WHAT THE EXERCISE ASKS =
Scan the data for lines with "view" and report the count by itself.

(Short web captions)
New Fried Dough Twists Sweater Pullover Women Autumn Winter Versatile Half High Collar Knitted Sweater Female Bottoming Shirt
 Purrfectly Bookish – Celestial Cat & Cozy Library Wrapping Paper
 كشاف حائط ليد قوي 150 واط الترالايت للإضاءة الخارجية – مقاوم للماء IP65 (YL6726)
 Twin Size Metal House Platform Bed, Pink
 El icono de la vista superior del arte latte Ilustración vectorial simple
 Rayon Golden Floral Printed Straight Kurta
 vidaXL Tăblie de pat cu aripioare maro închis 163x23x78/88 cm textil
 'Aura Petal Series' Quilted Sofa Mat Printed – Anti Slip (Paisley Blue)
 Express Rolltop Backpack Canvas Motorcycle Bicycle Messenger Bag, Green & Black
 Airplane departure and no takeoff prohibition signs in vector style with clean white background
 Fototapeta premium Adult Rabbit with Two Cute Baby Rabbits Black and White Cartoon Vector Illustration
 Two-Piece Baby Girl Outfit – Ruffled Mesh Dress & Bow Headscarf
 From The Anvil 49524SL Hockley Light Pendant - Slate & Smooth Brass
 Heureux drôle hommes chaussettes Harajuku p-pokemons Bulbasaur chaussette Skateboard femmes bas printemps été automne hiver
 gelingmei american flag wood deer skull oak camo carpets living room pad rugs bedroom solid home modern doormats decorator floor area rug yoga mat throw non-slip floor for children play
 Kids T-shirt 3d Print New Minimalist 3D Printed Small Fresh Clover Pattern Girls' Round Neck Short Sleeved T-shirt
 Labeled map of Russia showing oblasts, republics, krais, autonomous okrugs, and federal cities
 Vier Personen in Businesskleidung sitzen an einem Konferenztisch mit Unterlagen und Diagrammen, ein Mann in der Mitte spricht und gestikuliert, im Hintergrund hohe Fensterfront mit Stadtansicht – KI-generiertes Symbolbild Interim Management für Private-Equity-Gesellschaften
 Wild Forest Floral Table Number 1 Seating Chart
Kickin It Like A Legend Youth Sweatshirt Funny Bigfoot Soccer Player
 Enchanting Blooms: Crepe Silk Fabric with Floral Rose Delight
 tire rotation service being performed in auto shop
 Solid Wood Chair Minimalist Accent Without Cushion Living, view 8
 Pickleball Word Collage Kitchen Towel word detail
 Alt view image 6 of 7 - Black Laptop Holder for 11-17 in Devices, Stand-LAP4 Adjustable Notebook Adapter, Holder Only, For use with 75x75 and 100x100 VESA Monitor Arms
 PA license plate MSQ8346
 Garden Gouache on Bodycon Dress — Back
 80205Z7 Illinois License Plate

YOUR RESPONSE =
2